How could I have forgotten these Old-fashioned Oatmeal Cookies? Perhaps I was trying to make it easier on myself when I could not longer eat them. These are true bakery-style cookies—plump, large, and delicious in a way that only a homemade cookie can be.
Old-fashioned Oatmeal Cookies
1 cup raisins
1 and 1/2 cups sorghum flour
3/4 cup arrowroot starch
1 teaspoon xanthan gum
1 teaspoon salt
1/2 teaspoon baking soda
1 teaspoon cinnamon
1/2 teaspoon nutmeg
1/4 teaspoon cloves
1 cup unsalted butter, soft
1 and 1/2 cups firmly packed brown sugar
2 tablespoons water
2 cups quick or old-fashioned oats, uncooked
About 2 tablespoons granulated white sugar for topping
Cover raisins in boiling water to cover for 10 minutes. Drain. In a large bowl, whisk together sorghum flour, arrowroot starch, salt, baking soda, cinnamon, nutmeg, and cloves. Add butter, sugar, egg, and water. Beat until smooth. Stir in raisins and oats.
Dough is very sticky, so roll it between two sheets of plastic wrap. Cut with a 3-inch round cookie cutter. Use a butter knife to help transport cookers to an ungreased cookie sheet covered with a silcon baking sheet. Allow room to spread during baking. Sprinkle with granulated sugar. Bake in 375 degree oven for 11-13 minutes (convection oven: 350 degrees for 12 minutes). Yield: 1 and 1/2 dozen very large cookies.

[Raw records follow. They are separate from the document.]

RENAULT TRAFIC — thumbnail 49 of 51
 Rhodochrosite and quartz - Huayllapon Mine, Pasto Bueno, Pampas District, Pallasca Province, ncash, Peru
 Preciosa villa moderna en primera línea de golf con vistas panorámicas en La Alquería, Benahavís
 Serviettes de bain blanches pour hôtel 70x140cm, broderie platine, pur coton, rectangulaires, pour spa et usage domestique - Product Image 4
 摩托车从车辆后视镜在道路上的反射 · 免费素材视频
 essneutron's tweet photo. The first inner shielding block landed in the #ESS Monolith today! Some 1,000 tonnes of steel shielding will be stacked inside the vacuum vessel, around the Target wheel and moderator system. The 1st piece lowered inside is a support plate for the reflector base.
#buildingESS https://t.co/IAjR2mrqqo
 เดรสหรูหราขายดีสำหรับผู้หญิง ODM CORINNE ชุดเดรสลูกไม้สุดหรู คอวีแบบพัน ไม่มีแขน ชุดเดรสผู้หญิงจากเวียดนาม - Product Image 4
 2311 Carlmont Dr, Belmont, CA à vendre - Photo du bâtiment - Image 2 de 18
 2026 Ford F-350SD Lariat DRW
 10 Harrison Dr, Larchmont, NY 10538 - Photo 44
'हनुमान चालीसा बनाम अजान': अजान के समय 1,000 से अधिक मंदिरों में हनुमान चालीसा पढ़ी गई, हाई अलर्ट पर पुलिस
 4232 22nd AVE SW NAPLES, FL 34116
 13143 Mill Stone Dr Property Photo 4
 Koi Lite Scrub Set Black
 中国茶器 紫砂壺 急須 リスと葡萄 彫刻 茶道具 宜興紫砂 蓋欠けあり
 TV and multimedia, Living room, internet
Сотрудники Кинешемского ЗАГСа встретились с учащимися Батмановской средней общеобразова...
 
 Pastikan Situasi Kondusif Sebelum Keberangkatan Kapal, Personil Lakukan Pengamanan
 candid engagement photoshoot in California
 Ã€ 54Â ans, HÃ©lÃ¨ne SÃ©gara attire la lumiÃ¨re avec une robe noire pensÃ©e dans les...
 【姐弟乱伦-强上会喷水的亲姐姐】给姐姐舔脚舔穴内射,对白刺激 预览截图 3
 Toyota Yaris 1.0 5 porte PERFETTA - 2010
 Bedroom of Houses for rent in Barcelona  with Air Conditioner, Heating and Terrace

My coffee break today was so satisfying. These cookies lose nothing in the translation from gluten-full to gluten-free. They were also sticky when I made them with wheat flour. And today, I pioneered the plastic wrap method, solving the problem of stickiness. I haven’t tried chilling the dough, but that might be another option. A floured board and floured hand will also work but not as well as the plastic wrap.
And think of all the money you’ll save. You’ll have 18 huge bakery-style cookies that you’ve made for the price of two purchased from the bakery or supermarket.